There’s another kind of really interesting practice at a company called Zappos. Zappos is a shoe company, a really good shoe company. They sell shoes for relatively a lot of money online, but their customer service is incredible. They were bought by Amazon, but they were kept as a separate company. And they have an interesting process. If you are interested in working in their customer service, you come in and you get 10 days of training in which they tell you all about the system and the processes, and you get to meet people and you play games and sing Kumbaya. And at the end of this process, they tell you, "You know what? Welcome to the family. We really love you. We want you to stay here. But you know what? This is not for everybody. And if you decide today that this is not for you, we will give you $3,000 to not take this job." Now, you can think about it. You could say, what a strange idea. How did they come up with paying people not to take a job? And by the way, this is, I don’t know, a $12 an hour job. This is not something people get lots and lots of money per hour. So $3,000 is quite substantial.
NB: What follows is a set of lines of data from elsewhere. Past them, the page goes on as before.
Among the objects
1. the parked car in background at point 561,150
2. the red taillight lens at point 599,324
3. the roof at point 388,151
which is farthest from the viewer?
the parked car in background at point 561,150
It turns out it has two goals of doing that. The first one, is they don’t want people who are not really dedicated because people who are not dedicated are not good employees themselves and they can also pollute the people around them. Right? If you sit in the floor with other people who don’t care about the job and they talk badly to customers, you know, this could penetrate and make the whole atmosphere much worse. So that’s the first thing. But the second thing is something calledcognitive dissonance. And cognitive dissonance is the idea that if you act a certain way and your beliefs are not consistent with this action, what can you do? You can’t change your action. Your action has been established and you remember what you did, so you change your beliefs to be consistent with this action.
So what happen? This offer that Zappos give doesn’t last forever; it lasts for, I think, 48 hours. And then if you didn’t take this offer after this 48 hours and you wake up every day going to work, you think to yourself, "Why didn’t I take this $3,000?" And you probably say to yourself, "It must mean because I really love this company and I’m really dedicated and I really care about it," and therefore you go to work and you’re even more careful.
This is a really interesting approach, right? It clears the edge of the tail of people who are not caring about Zappos and it gets everybody else who takes this offer to be actually more motivated. And I think it’s really a shame that only startups, only companies who start small and start from a blank slate, are really innovative in terms of how to motivate people, and the rest of the companies, the big companies, are really not finding anything interesting. And of course, the pinnacle of this is to think about Wall Street, where compensation is basically boiled down to nothing but salaries and bonuses, as if people don’t care about anything else and this is the only thing that can motivate people. And I think we actually need to look at startups and need to look at new models and also try to innovate in that regard in big companies.
Psychologist and Author Dan Ariely says Zappos' policy of offering potential customer service employees $3000 not to take the job is money well spent.